To compare the outcomes of patients receiving del Nido solution versus any other type of cardioplegia.

DESIGN

A systematic review and meta-analysis of randomized trials.

SETTING

Cardiac operating rooms.

PARTICIPANTS

Adult patients (≥18 years old) undergoing cardiac surgery.

INTERVENTIONS

The EMBASE, MEDLINE, and CENTRAL databases were searched systematically from their inception until August 2022 for randomized controlled trials comparing del Nido versus other cardioplegias.

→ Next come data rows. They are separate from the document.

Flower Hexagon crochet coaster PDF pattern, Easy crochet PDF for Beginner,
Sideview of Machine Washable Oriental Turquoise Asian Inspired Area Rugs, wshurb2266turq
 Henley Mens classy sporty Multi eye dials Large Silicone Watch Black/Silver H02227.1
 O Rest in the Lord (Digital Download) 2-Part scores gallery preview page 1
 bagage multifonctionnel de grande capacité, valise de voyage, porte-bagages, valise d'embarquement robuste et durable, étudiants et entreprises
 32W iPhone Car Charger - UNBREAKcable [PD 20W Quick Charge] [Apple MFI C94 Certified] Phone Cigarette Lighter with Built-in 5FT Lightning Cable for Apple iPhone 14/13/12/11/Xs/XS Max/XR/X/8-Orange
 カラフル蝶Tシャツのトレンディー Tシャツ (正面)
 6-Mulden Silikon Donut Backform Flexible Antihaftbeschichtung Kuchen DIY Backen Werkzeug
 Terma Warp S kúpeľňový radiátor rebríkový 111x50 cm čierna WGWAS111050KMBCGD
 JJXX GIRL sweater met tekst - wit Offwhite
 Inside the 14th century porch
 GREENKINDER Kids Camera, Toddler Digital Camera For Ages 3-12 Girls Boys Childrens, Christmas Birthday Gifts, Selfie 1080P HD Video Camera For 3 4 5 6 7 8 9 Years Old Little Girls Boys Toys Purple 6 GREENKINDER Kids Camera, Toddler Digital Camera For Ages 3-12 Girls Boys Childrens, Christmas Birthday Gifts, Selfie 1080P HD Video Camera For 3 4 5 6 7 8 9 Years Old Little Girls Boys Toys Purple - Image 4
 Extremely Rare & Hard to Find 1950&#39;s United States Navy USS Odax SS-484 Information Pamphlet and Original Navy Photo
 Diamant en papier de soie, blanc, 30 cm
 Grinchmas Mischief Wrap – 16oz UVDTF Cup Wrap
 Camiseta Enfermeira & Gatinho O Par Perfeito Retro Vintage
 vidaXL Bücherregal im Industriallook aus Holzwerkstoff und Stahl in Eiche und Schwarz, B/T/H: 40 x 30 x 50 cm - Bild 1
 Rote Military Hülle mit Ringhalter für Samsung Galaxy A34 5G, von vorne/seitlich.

MEASUREMENTS AND MAIN RESULTS

Ten studies were included, including 1,812 patients (871 in the del Nido group and 941 in the control group), and published after 2017. There were significant reductions in postoperative stroke and/or transient ischemic attack rate in the del Nido group: 9/467 (1.9%) v 25/540 (4.6%); odds ratio (OR), 0.43; 95% CI, 0.20-0.92 (p = 0.007). Del Nido cardioplegia was also associated with significantly shorter aortic cross-clamp time (mean difference, -8.99 minutes; 95% CI, -17.24 to -0.73 [p < 0.001]), significantly reduced need for defibrillation (89/582 [15%] v 252/655 [38%]; OR, 0.33; 95% CI, 0.15-0.72 [p < 0.001]), significantly lower risk of postoperative acute kidney injury (21/235 [8.9%] v 34/301 [11%]; OR, 0.50; 95% CI, 0.26-0.97 [p = 0.04]), with no effect on mortality (14/607 [2.3%] v 12/681 [1.8%]; p = 0.5).

CONCLUSION

According to the authors' meta-analysis of recent randomized clinical trials, del Nido is a safe cardioplegic solution, which might provide better organ protection in adult cardiac surgery without differences in mortality when compared to other cardioplegic solutions.

摘要

目的

比较接受 del Nido 溶液与任何其他类型心脏停搏液的患者的结局。

设计

系统评价和荟萃分析的随机试验。

设置

心脏手术室。

参与者

接受心脏手术的成年患者(≥18 岁)。

干预措施

从开始到 2022 年 8 月,系统地在 EMBASE、MEDLINE 和 CENTRAL 数据库中搜索比较 del Nido 与其他心脏停搏液的随机对照试验。

测量和主要结果

共纳入 10 项研究,包括 1812 例患者(del Nido 组 871 例,对照组 941 例),均发表于 2017 年后。del Nido 组的术后卒中和/或短暂性脑缺血发作发生率显著降低:9/467(1.9%)比 25/540(4.6%);比值比(OR),0.43;95%置信区间(CI),0.20-0.92(p=0.007)。del Nido 心脏停搏液还与主动脉阻断时间明显缩短相关(平均差值,-8.99 分钟;95%CI,-17.24 至-0.73[ p<0.001])、显著减少除颤需求(89/582 [15%]比 252/655 [38%];OR,0.33;95%CI,0.15-0.72[ p<0.001])、术后急性肾损伤风险显著降低(21/235 [8.9%]比 34/301 [11%];OR,0.50;95%CI,0.26-0.97[ p=0.04]),但对死亡率无影响(14/607 [2.3%]比 12/681 [1.8%];p=0.5)。

结论

根据作者对最近随机临床试验的荟萃分析,del Nido 是一种安全的心脏停搏液,与其他心脏停搏液相比,在成人心脏手术中可能提供更好的器官保护,而死亡率无差异。